I’ve spent the past week fully immersed in The Necromancer’s Tale. As a player who enjoys depth, I entered Psychic Software’s gothic RPG with high hopes. For the most part, it delivered. Here’s my breakdown.
Overall Impressions
The writing and magic system shine as the game’s strongest features. Each grimoire feels purposeful, with rituals that carry story weight. Psychic Software, known for deep RPG systems, captures the fantasy of becoming a true necromancer. The mix of lore, spellcasting, and choice-driven dialogue sets the stage for a dark adventure.
The world is striking but lacks life. Exploration often feels like walking through a painted backdrop instead of a living space. Quest progress can stall due to hidden triggers, clashing with the pace of the magic system. This uneven flow breaks immersion.
Fans of Age of Decadence or Neverwinter Nights 2 will notice familiar strengths. Branching stories and old-school design are clear influences. Still, The Necromancer’s Tale leans on story and ritual over polished combat or exploration. This focus makes it unique but also shows its limits compared to games that balance story with more systems.

Gameplay Mechanics
The ritual system is the highlight. Every spell demands care—collecting bones, chanting in order, and timing circles. Pulling off big rites like the multi-stage Rite of the Lich feels powerful. Social systems also add depth. You can blackmail nobles, seduce allies, or trade secrets to skip fetch quests, making role-play engaging.
Minimal inventory and quest guidance add immersion but may frustrate. Retracing steps or questioning every NPC slows progress. Late-game battles bring another hurdle: managing skeletal minions. Since each command is issued one by one, it becomes overwhelming. An auto-command option would smooth pacing while keeping strategy.
Standout Moment: Summoning a skeletal army under a blood moon, then leading a charge through a besieged village—nothing matched that rush.

Story and Characters
The game centers on moral descent. You shape the path from grave-robber to aspiring lich. NPCs react with fear, loyalty, or vengeance, making encounters tense. Relationships, such as with Celeste the conflicted scholar, add weight. Dialogue trees, though, can be harsh. Missed clues may block progress, forcing backtracking through journals.
Visuals and Graphics
The gothic art is striking. Hand-painted backgrounds bring ruins, graveyards, and sanctums to life. Dialogue portraits capture emotion, boosting immersion. The map, though, suffers from repetition. Recycled textures like mossy walls and twisted trees reduce variety. While not game-breaking, this weakens the impact of exploration compared to the rich narrative.

Sound and Music
The soundtrack is haunting, filled with choirs, strings, and whispered chants. It enhances rituals and palace intrigue. Sound effects like cracking bones and thunder add crisp detail. Key NPCs feature strong voice work, but minor characters rely only on text. A full voice cast would have delivered deeper immersion.
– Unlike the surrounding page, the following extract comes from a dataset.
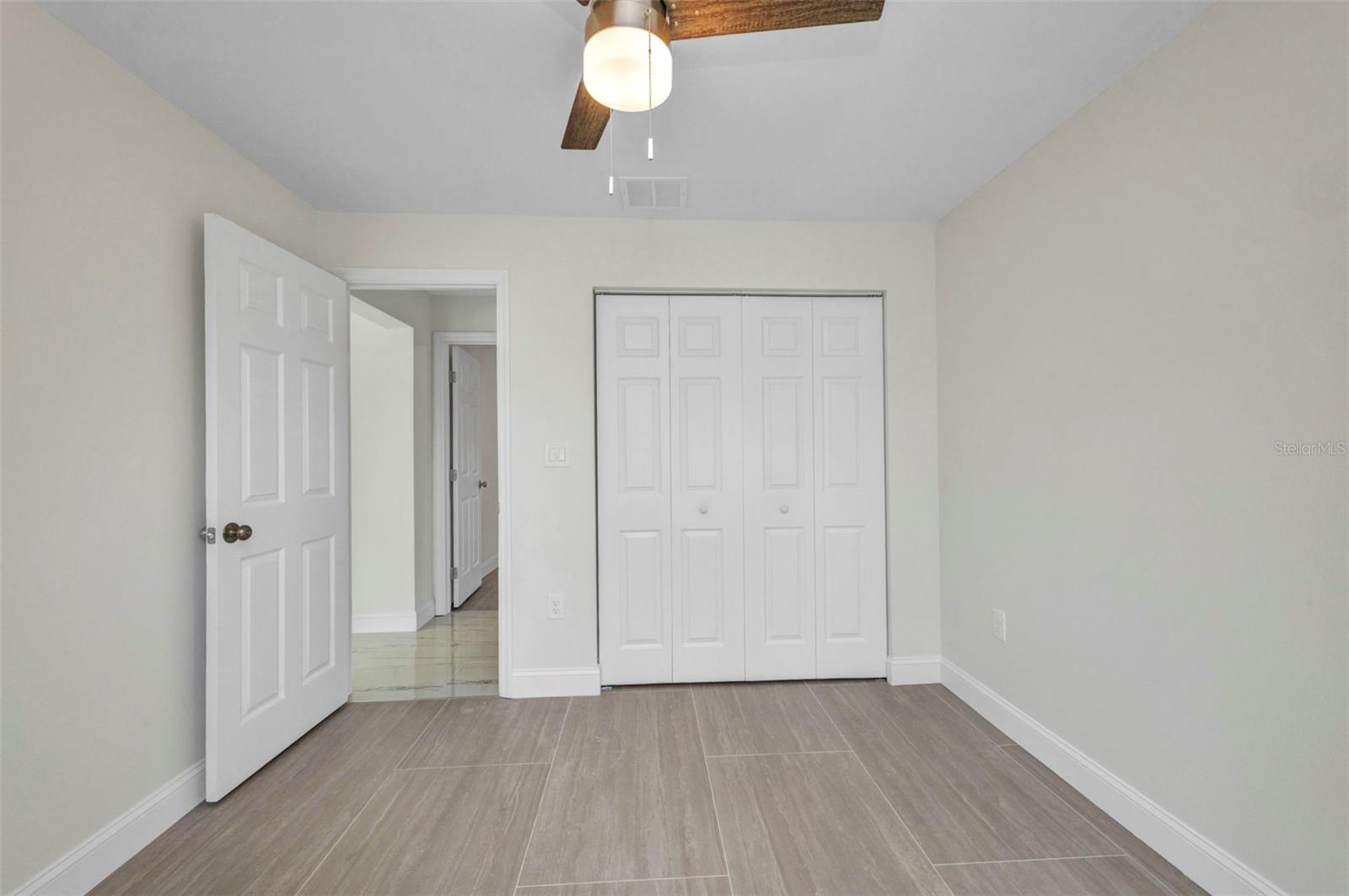 Image 24 of 36 For 5430 Plainfield Terrace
Difficulty and Replayability
The game is demanding. Missed items or dialogue choices often force backtracking. Yet solving puzzles and winning tough duels is rewarding. Replay value is strong. Choices shape whether you rise as a merciful necromancer or ruthless warlord. Branching paths, multiple endings, and planned expansions promise more content. This ensures longevity for fans of dark, choice-driven RPGs.

Trivia & Behind the Scenes
Psychic Software expanded from a four-person team to ten for this project. To ground its magic in history, the studio consulted medieval scholars. Rituals and grimoires feel authentic as a result. A custom dialogue engine handles reputation tracking, a feature planned for future games. A free DLC in early 2026 will add undead forms and a conquest mode, extending replay value.

Final Thoughts
The Necromancer’s Tale delivers on its promise of dark sorcery and narrative depth. It requires patience and a taste for old-school pacing, but rewards players who engage with its secrets. Minor issues with quest flow and late combat hold it back from perfection. Still, for those seeking a true necromancer journey, it’s essential.
Rating: 4 out of 5 stars

The game shines with deep ritual mechanics and multi-layered spellcasting. Dynamic moral choices and rich dialogue shape your rise from grave-robber to lich. A haunting soundtrack and gothic visuals create strong atmosphere.
On the downside, the open world feels sparse and repetitive. Missed clues can stall progress, and late-game minion control becomes tedious. Still, its strengths outweigh flaws.